About a decade or so ago, someone shared with me one of Brian Tracy's incredible works: The 21 Success Secrets of Self Made Millionaires. It was a time when I was less busy so I took time out to actually read the book. Admittedly, the book is good; like, real good. And I actually learnt some stuff from it anyway. But of the 21 supposed secrets he leaked, one of them actually stuck with me.
The one secret that won't go away?
90% of a man's success is dependent on his reference group.
Reference groups are the people that surround a person; the ones we talk to when we have problems. They are the ones we celebrate our success and mourn our failures with. According to Brian, if your reference group is trash, brace yourself up for a life of near misses, pain, and regret. And if your reference group is filled with people of means and influence, then success is knocking at your door. In other words, iron sharpens iron.
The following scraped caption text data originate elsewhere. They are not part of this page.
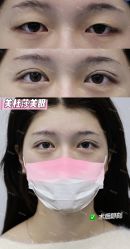 -长沙雅美医疗美容医院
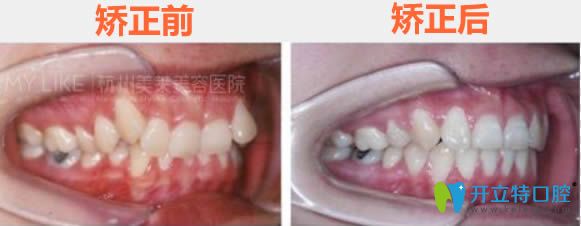 廣州美萊胡祥牙齒矯正前后對(duì)比效果 廣州美萊胡祥牙齒矯正前后對(duì)比效果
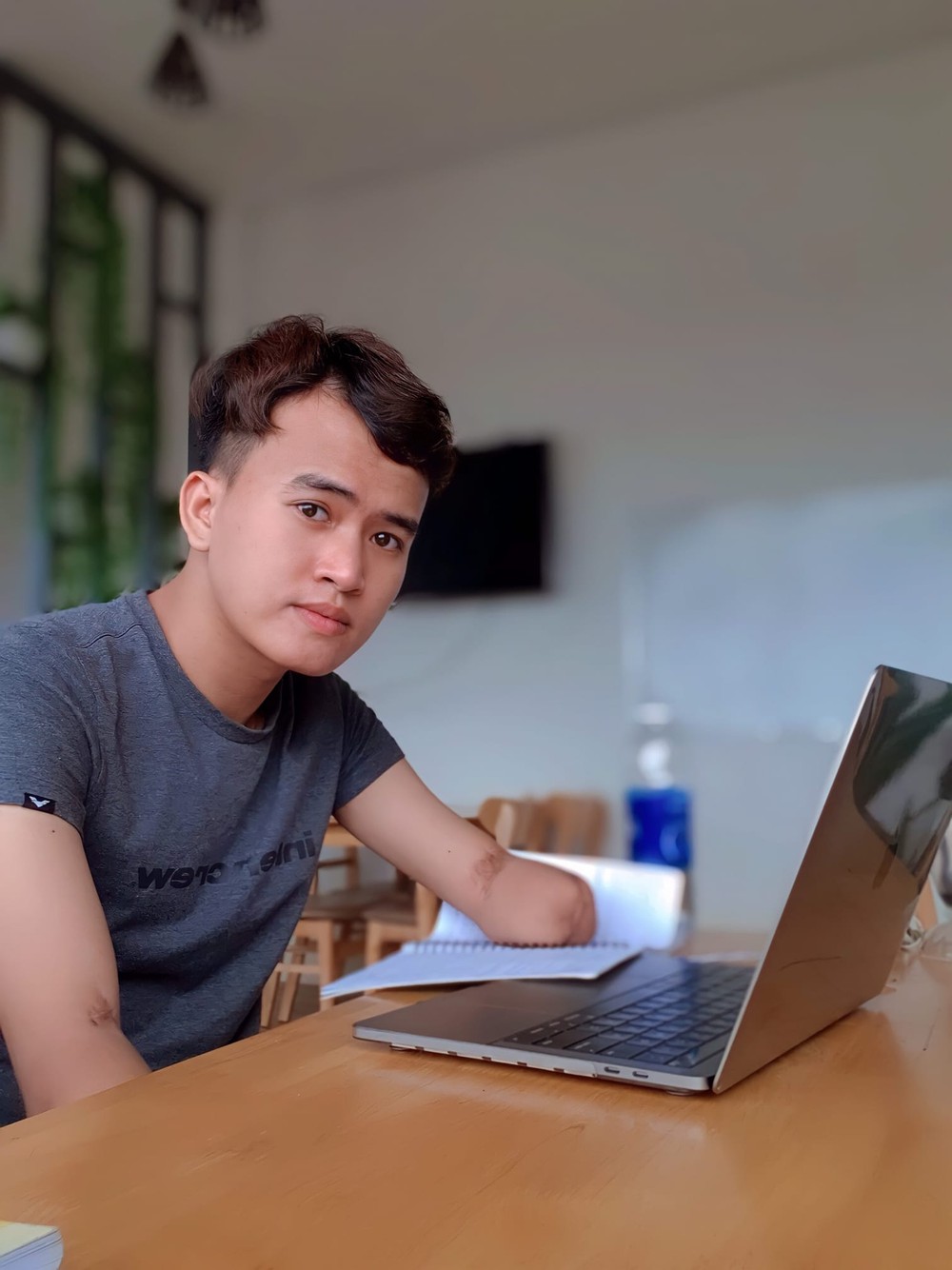 Nỗ lực phi thường của chàng cụt yêu đời sau cú ngã từ trên mái nhà  - Ảnh 1.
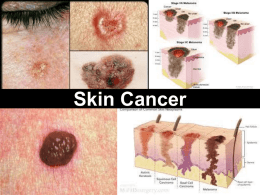 These account for more than 99% of all skin cancers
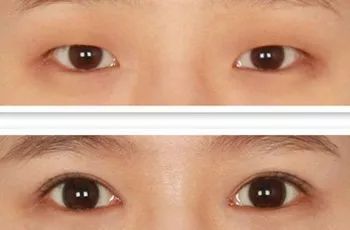 开眼角真的能变漂亮吗,关于开眼角你都了解什么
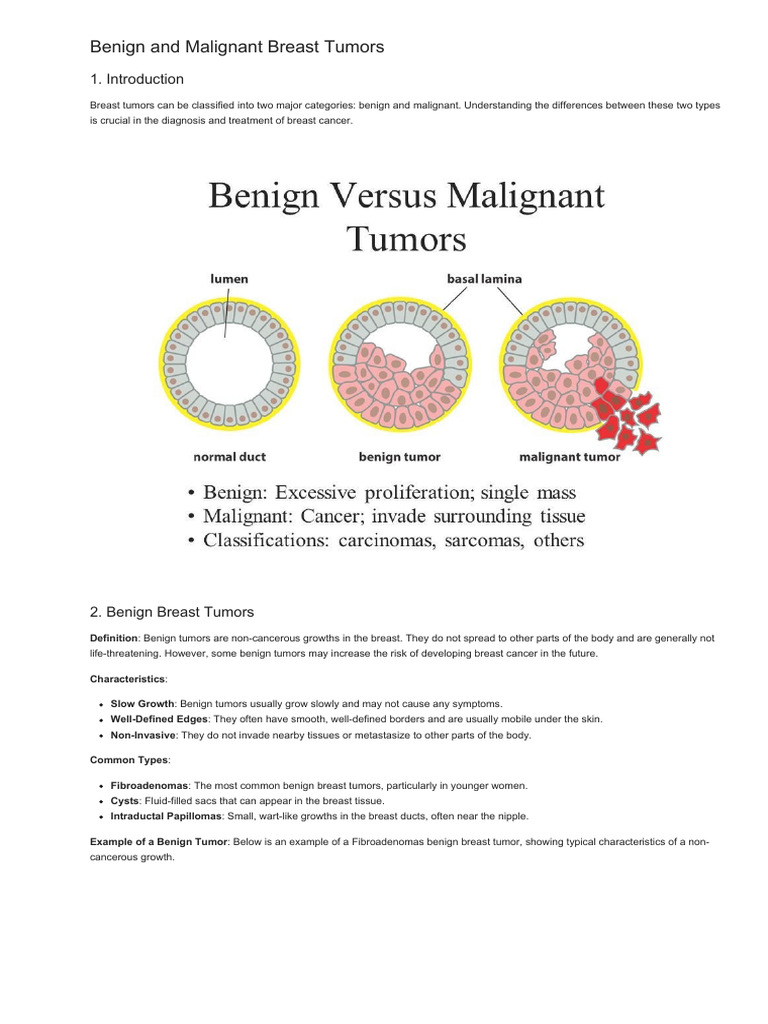Breast_Cancer_1725709979 | PDF | Benign Tumor | Breast Cancer
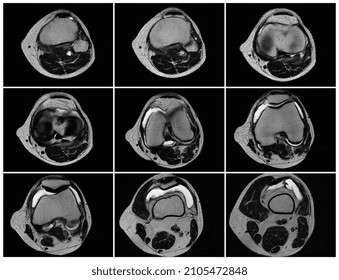 Magnetic Resonance Imaging ,MRT Images Of Knee.Acute Psoriatic Arthritis, Arthrosis .Excess Synovial Fluid In And Around The Left Knee Joint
I never took this seriously and I probably suffered for it. As I struggled to shed the cloak of failure draped round me, I realized those around me were actually looking at my struggling self for a way out of our struggles. How can I be the reference point when I can't even find a way to sort out my own mess and lead myself to success? It was frustrating and annoying to realize those I surround myself with couldn't really help out. So I decided to do something drastic - and silly!
The worst reason I ever let go of a person(s) was because I believed he(they) were useless to my cause. You see, at some point I was success oriented to the point I was willing to sacrifice impeccably built relationships just to forge ahead. I started seeing people from the perspective of what they can offer me, and not about how good they are. My newly found path back then cost me a lot of important, long term relationships.
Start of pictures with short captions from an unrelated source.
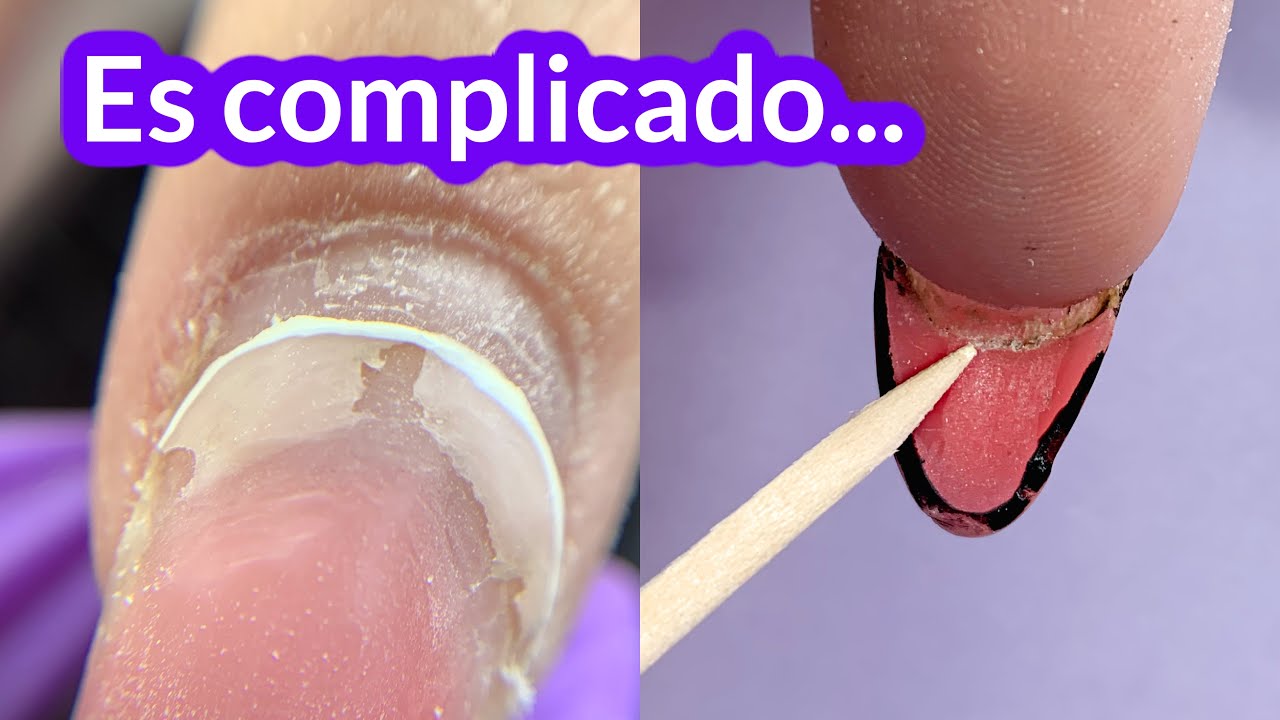RETOQUE de UÑAS Extremo: Limpieza Debajo de la UÑA, LEVANTAMIENTO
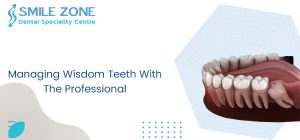 Managing Wisdom Teeth With The Professional
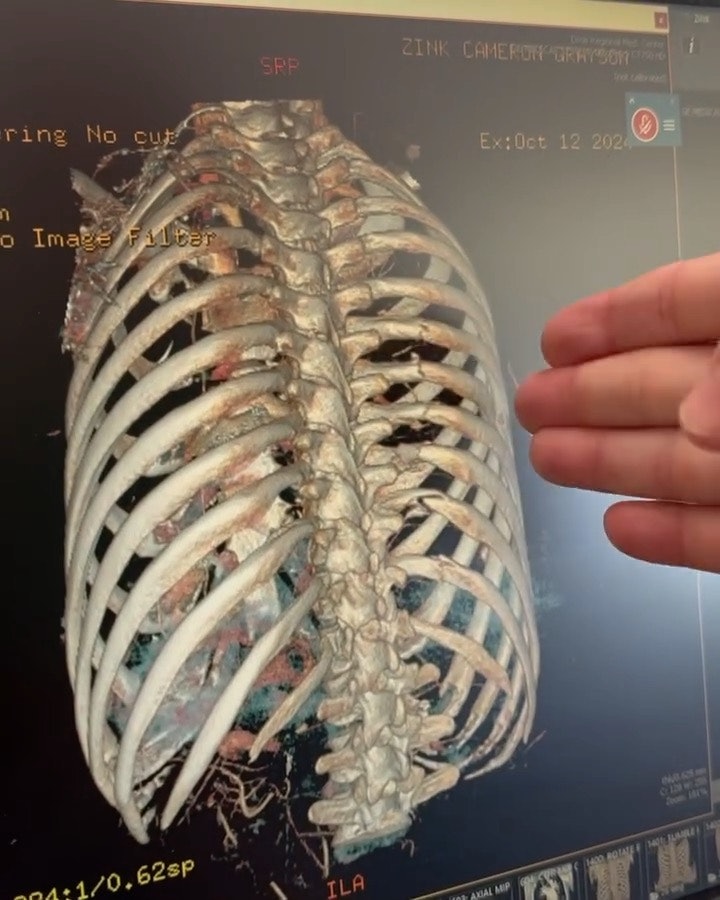 STYGT: Seks ribbeinsbrudd like ved ryggraden. Foto: Privat STYGT: Seks ribbeinsbrudd like ved ryggraden. Foto: Privat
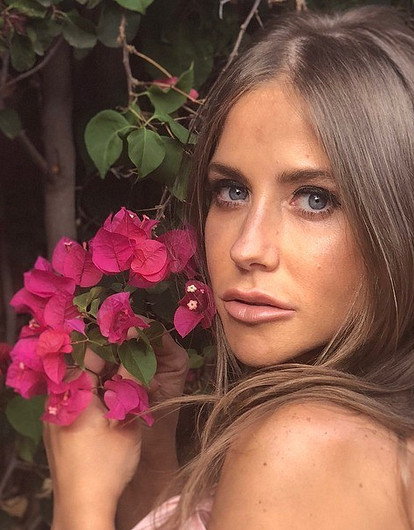 «Что за пятна на лице?»: Юлия Барановская удивила подписчиков снимком без макияжа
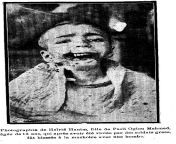 Hayriye Han?m who was raped by Greek soldiers and had a bomb exploded in her mouth at Yalova (1921) 462x732 from melike ipek yalova sexs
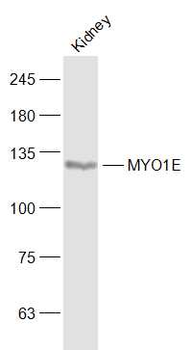 MYO1E Rabbit Polyclonal Antibody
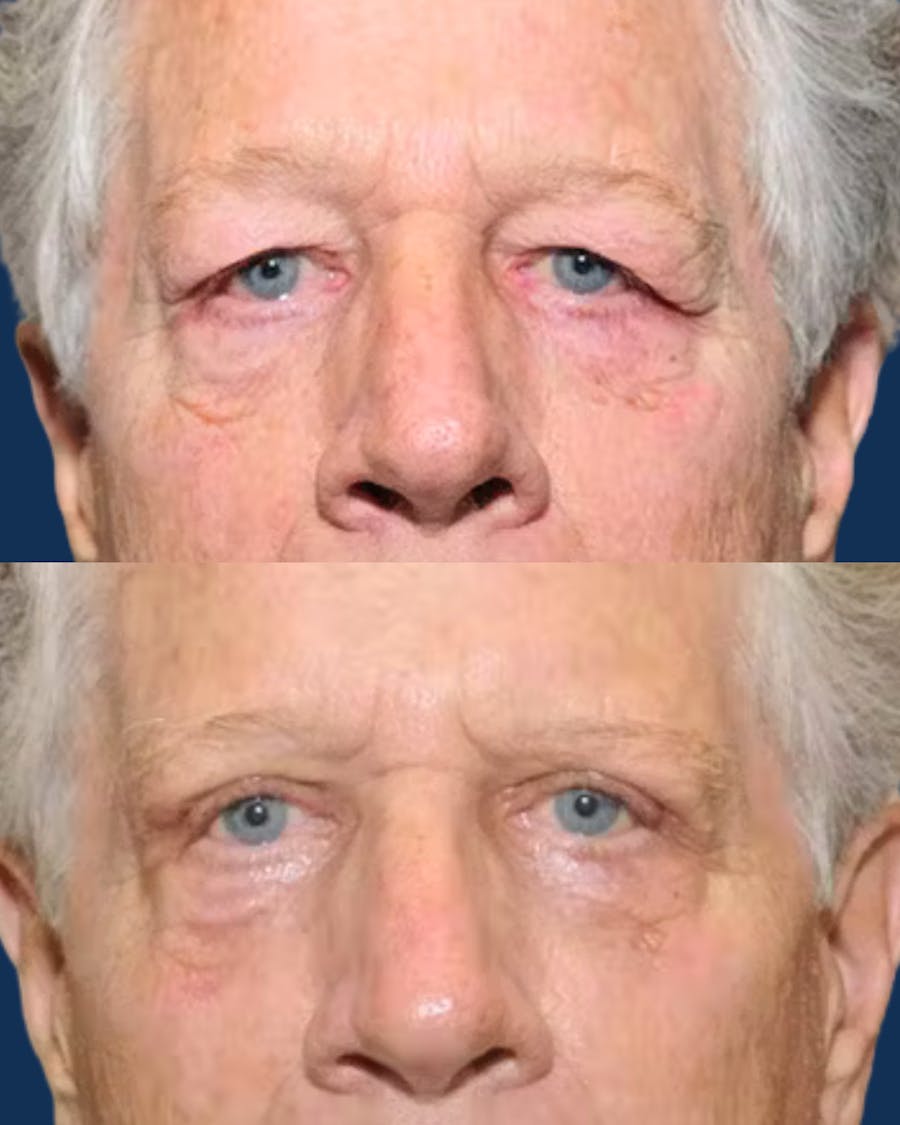 Upper Blepharoplasty Before & After Gallery - Patient 302545 - Image 1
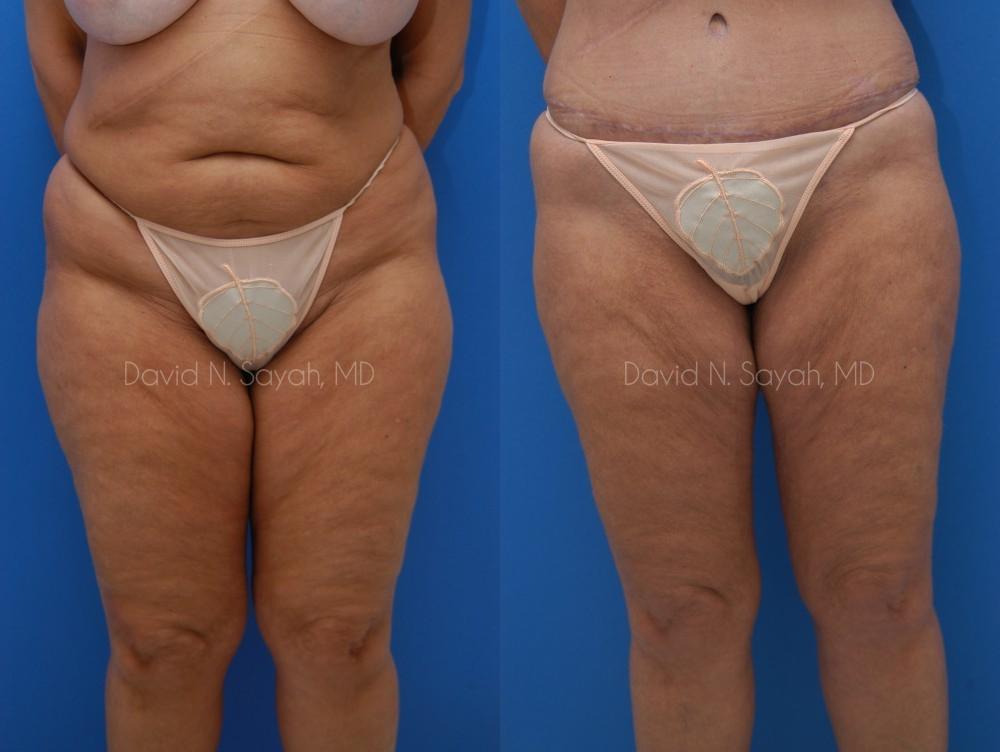 Liposuction Before and After | Sayah Institute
Honestly, we've all let go of important relationships at one point or the other due to one thing or the other. Asides the most improbable one which is ending a romantic relationship, a lot of friendships that blossomed at one point died off due to several reasons. I can't even remember the last time I talked to the guys who I formed cliques with back in school days. After we graduated, our paths took a different turn and we journeyed to the path life placed in front of us. Afterall, 20 boys will not play together for 20 years.
Ending relationships in such a manner is no crime. If we come across each other tomorrow we'd still sit and enjoy some liquor together. However, cutting off people because I felt they were useless to my cause? For that, there was no turning back. I haven't come across some of the dudes I did that to back then. I hope I won't come across them anytime soon. It was a mistake I regret till today. No one knows tomorrow.